Cooking With Kids: How To Keep Them Safe And Happy In The Kitchen

Best Dad Chef Hat

Photo via Pixabay by Mccartyv

While it may seem like the last place you want to let a child loose, the kitchen is actually a great place to teach some lifelong lessons and bond with your little one. Baking and cooking can introduce concepts related to science and math and can teach responsibility; it can also boost self-esteem and confidence, two things many children don’t have enough of.

Of course, there are many safety precautions you’ll need to take. Being safe at the stove and around utensils is the priority, and teaching your child what to do in case of a fire–and how to prevent it from happening in the first place–is extremely important. It may seem like a lot of planning for something that may never happen, but knowing that your child has the right skills and knowledge to get through anything the kitchen may throw at them will give you peace of mind and keep everyone safe and happy.

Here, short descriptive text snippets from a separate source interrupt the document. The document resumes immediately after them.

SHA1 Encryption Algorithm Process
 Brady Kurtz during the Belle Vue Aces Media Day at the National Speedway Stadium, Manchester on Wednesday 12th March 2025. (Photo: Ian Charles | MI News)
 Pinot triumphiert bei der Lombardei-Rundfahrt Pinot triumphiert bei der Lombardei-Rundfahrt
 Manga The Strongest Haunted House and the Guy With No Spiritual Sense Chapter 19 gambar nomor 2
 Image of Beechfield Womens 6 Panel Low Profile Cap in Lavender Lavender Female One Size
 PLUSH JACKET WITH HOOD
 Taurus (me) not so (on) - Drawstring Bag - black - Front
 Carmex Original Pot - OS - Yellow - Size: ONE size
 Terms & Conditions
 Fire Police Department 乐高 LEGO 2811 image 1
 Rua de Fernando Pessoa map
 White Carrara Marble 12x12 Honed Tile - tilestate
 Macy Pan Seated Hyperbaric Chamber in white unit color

Here are some of the best things to go over with your child before they begin testing out their chef skills.

Practice fire safety

Talk to your kids about the best fire safety practices. They likely know a little bit about the dangers of fire from school, where they go through drills to keep them safe in the event of an emergency. Think of your time in the kitchen together as a similar form of preparedness and go over the best ways to prevent accidents, such as:

  • Never leaving towels or potholders near the stove
  • Knowing where the fire extinguisher is and how to use it
  • Double-checking to ensure all appliances are turned off when finished
  • Unplugging cords in a safe way
  • Never over-filling pots or pans

It’s also a good idea to make sure all smoke detectors are equipped with fresh batteries and that you have a carbon monoxide detector if your stove is gas-powered. For more tips on how to stay safe from fire hazards, click here.

Find kid-friendly recipes

Many recipes require quite a bit of chopping and measuring, so make sure you find some kid-friendly ones to try with your littles. Look for recipes that don’t have many ingredients and don’t require much cutting; when possible, chop up items before you begin cooking and put them in plastic bags for ease of use.

Set up the rules

It’s important for kids of all ages to learn the rules of the kitchen, which will keep everyone safe. This means washing hands before and after handling food, never tasting anything until it’s fully cooked, and using the right tools for the job. Have an assortment of different utensils–plastic, if possible–and make sure all items stay clean and dry.

Make it fun!

Cooking and baking are great ways to bond with your children and teach them about responsibility, but it should also just be plain old fun. Think of some ideas for seasonal recipes and spend some time learning how to wash, chop, and prepare the ingredients together.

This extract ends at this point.